Task to complete
When you reach the line containing "UNIRII OLD SQUARE APARTMENTS 4 view 2" in the entries below, please begin setting down lines exactly, stop only after the last one, and add nothing else.

Records from a data collection:
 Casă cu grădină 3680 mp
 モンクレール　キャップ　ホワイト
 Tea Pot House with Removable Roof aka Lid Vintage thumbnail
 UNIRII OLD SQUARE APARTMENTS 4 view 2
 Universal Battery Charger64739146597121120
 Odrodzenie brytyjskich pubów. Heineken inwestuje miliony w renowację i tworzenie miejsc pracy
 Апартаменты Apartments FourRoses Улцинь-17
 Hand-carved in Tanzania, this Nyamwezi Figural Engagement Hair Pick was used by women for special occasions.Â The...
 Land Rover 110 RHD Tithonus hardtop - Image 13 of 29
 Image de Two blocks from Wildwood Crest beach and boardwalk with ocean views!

Response to the task
 UNIRII OLD SQUARE APARTMENTS 4 view 2
 Universal Battery Charger64739146597121120
 Odrodzenie brytyjskich pubów. Heineken inwestuje miliony w renowację i tworzenie miejsc pracy
 Апартаменты Apartments FourRoses Улцинь-17
 Hand-carved in Tanzania, this Nyamwezi Figural Engagement Hair Pick was used by women for special occasions.Â The...
 Land Rover 110 RHD Tithonus hardtop - Image 13 of 29
 Image de Two blocks from Wildwood Crest beach and boardwalk with ocean views!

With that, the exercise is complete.